** Records provided **
>>>
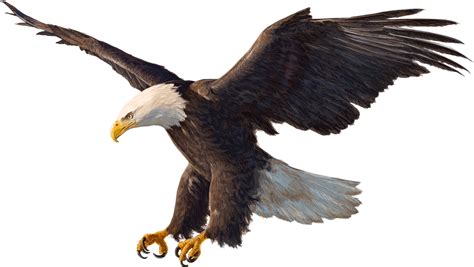 Bald Eagle Drawing Eagle Png Download 1600903 Free Transparent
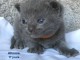 Chaton ch&acirc;treux disponible pour adoption 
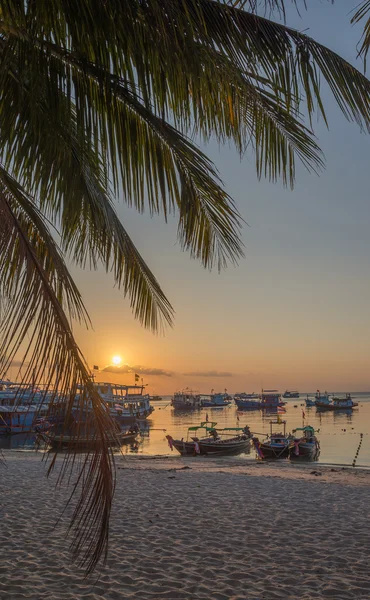 Coucher de soleil ciel, branche de palmier et bateaux — Photo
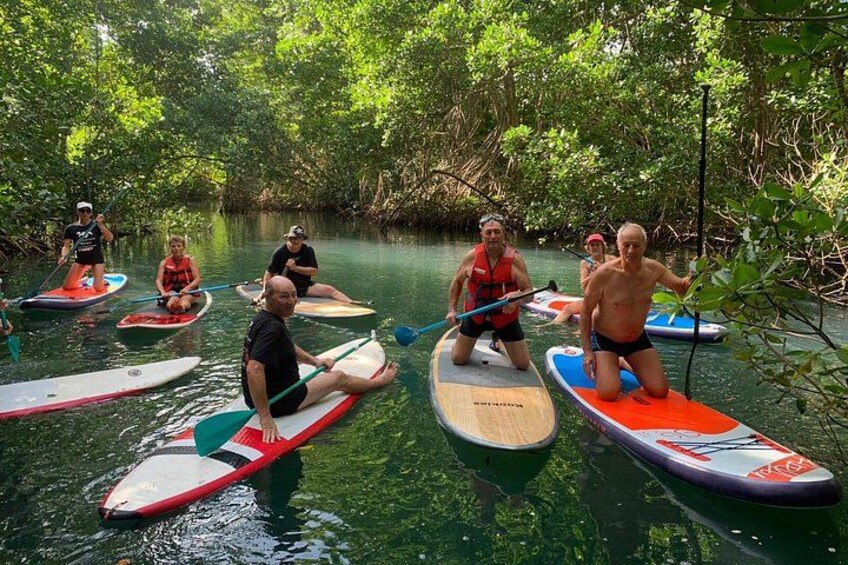 Mangrove Paddle Ride Sainte Anne Guadeloupe 4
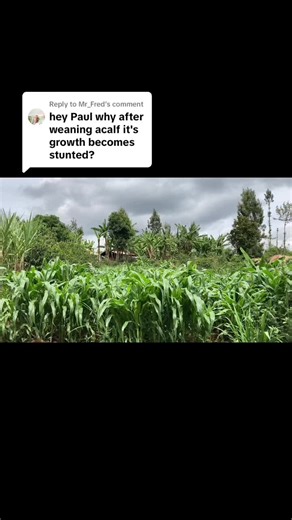 Understanding Calf Stunted Growth After Weaning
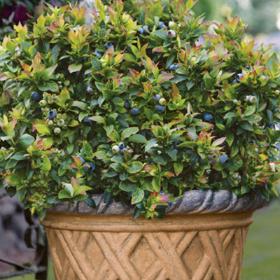 Blueberry 'Jelly Bean'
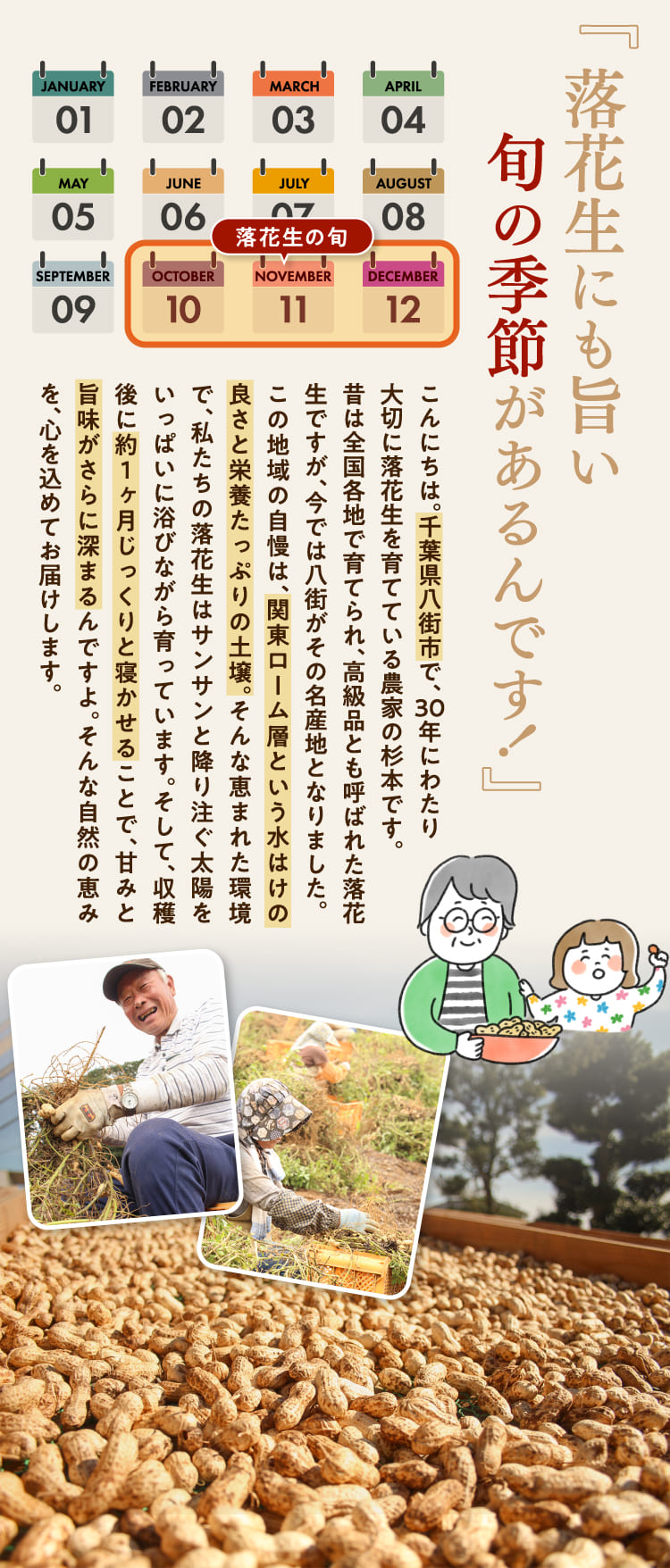 落花生にも旨い旬の季節があるんです！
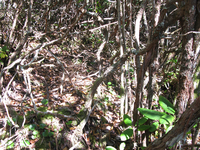 GRSM Accuracy Assessment. Plot Code: GRSM_AA_0316_2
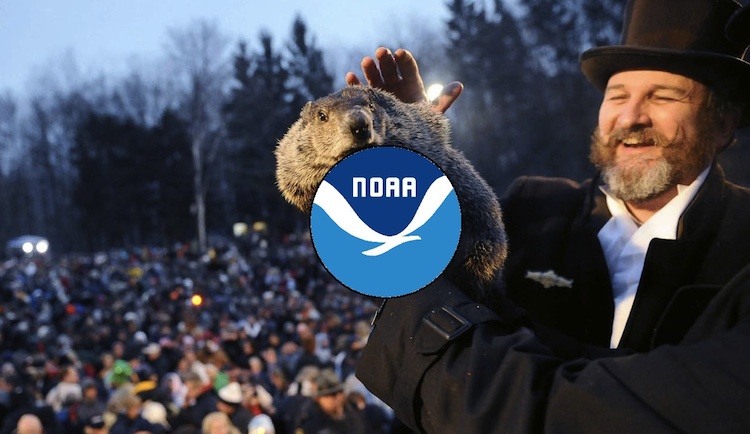 NOAA vs Punxsutawney Phil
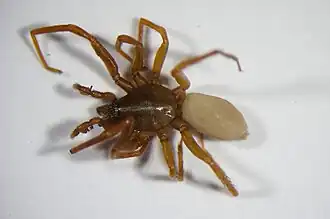 alternativní popis obrázku chybí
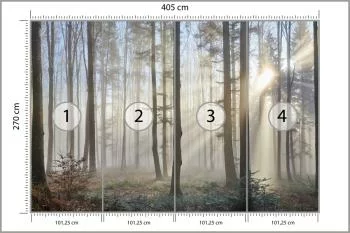 Fototapeta Las We Mgle - obrazek 3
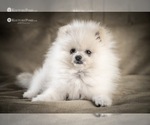 Small #9 Breeder Profile image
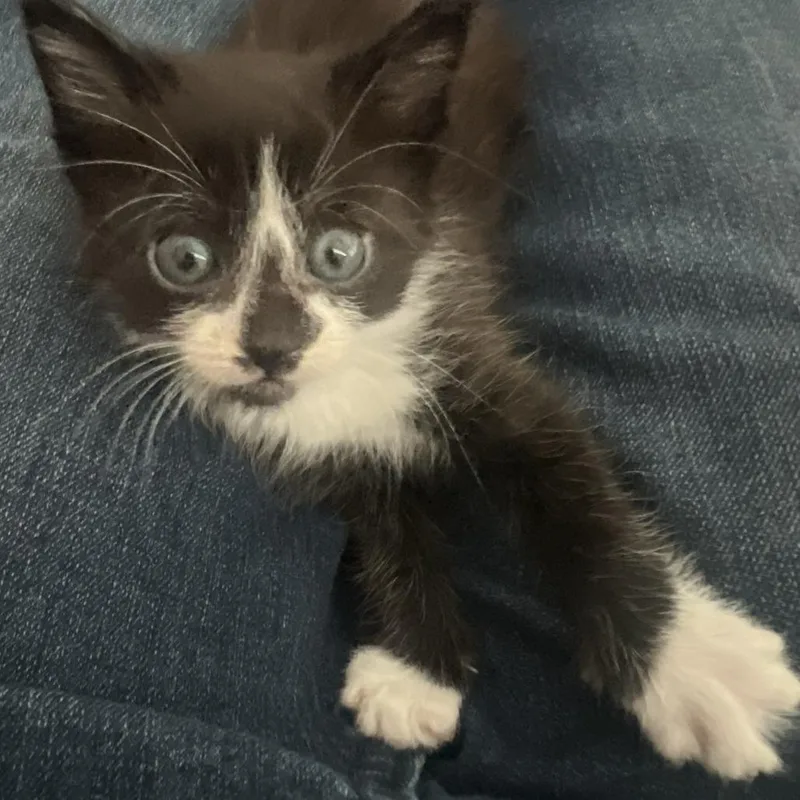A baby small-sized female Black Domestic Short Hair cat named Zoolander for adoption in Austin, TX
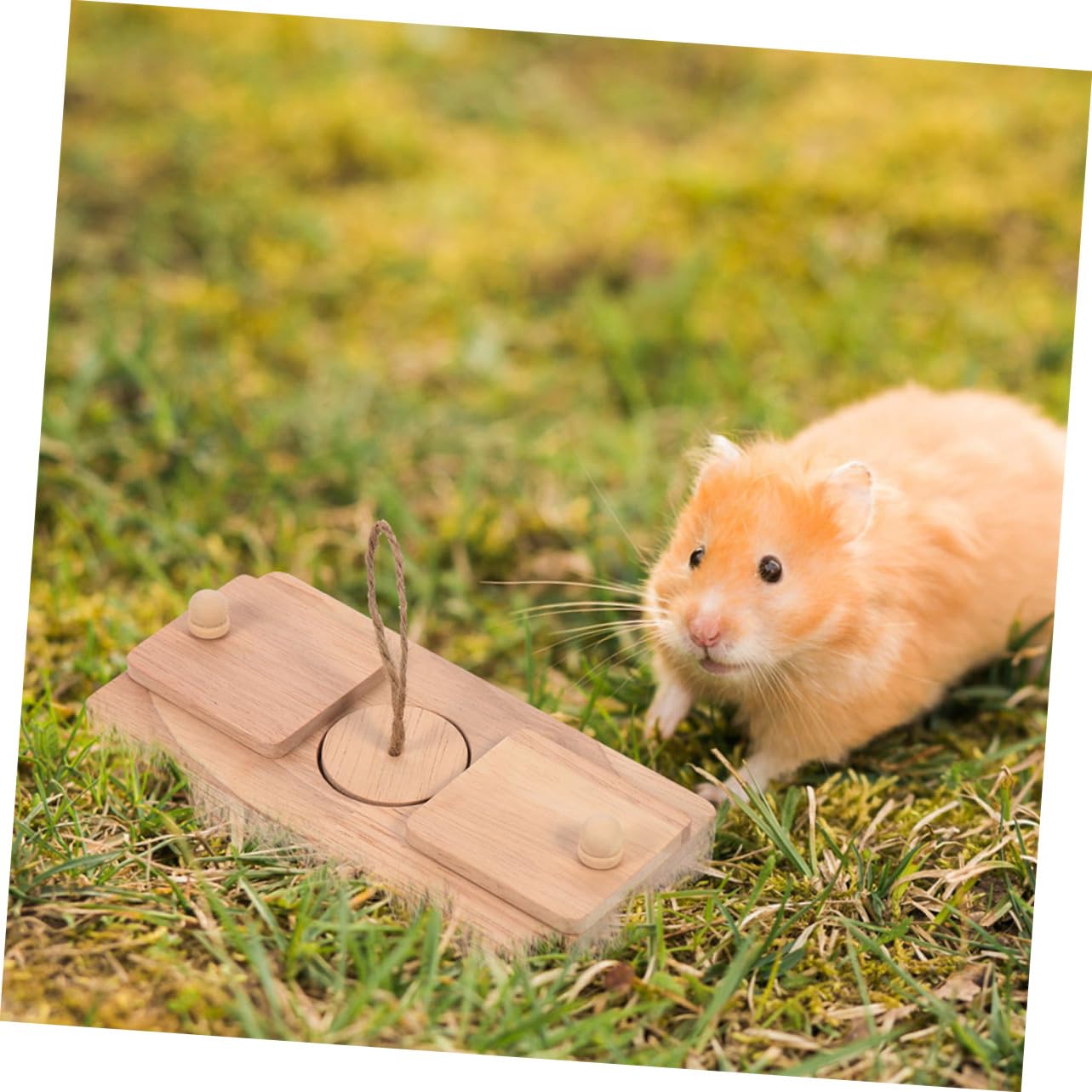 Hohopeti Hamster Leckerlis Versteckspielzeug für Käfig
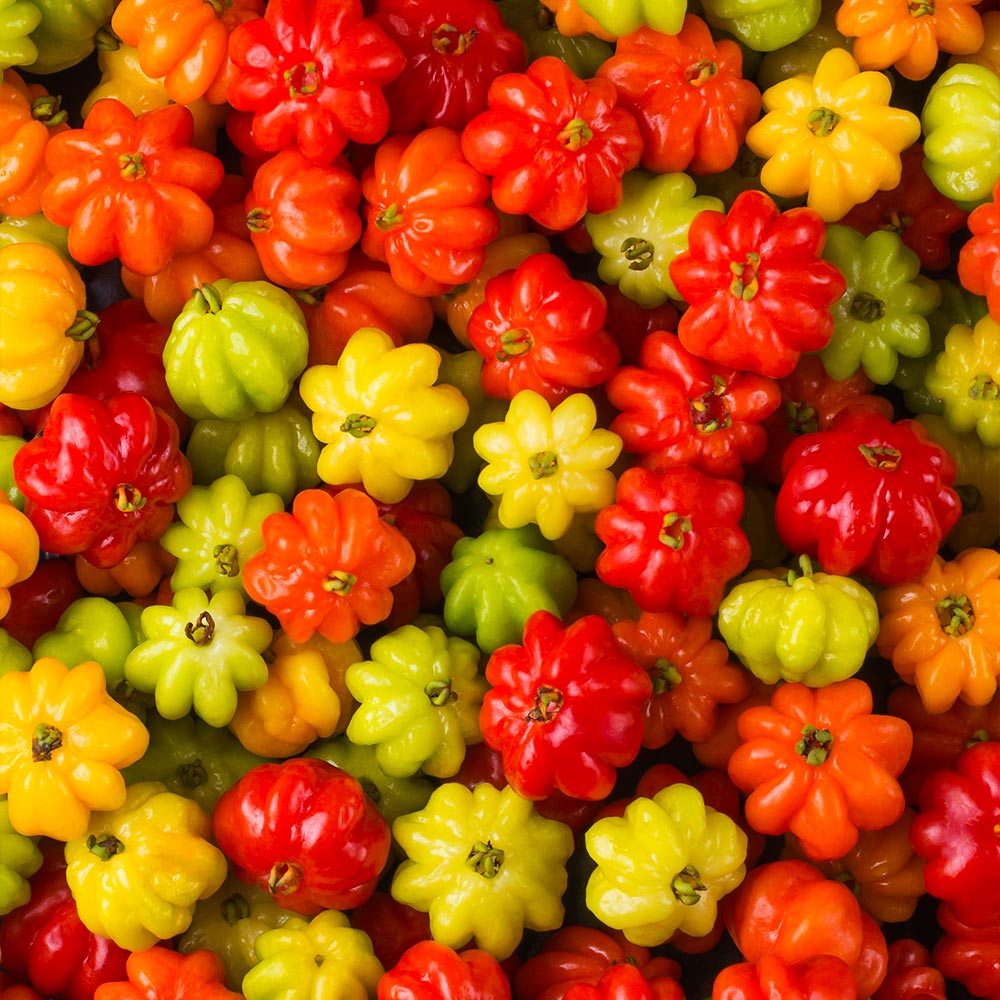 #3 - Star Cherry Tree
<<<
** Description of the task **
Once you find the line with "GRSM Accuracy Assessment.", restate it and every later line of the data word for word, excluding the pictures.

** Answer section **
 GRSM Accuracy Assessment. Plot Code: GRSM_AA_0316_2
 NOAA vs Punxsutawney Phil
 alternativní popis obrázku chybí
 Fototapeta Las We Mgle - obrazek 3
 Small #9 Breeder Profile image
A baby small-sized female Black Domestic Short Hair cat named Zoolander for adoption in Austin, TX
 Hohopeti Hamster Leckerlis Versteckspielzeug für Käfig
 #3 - Star Cherry Tree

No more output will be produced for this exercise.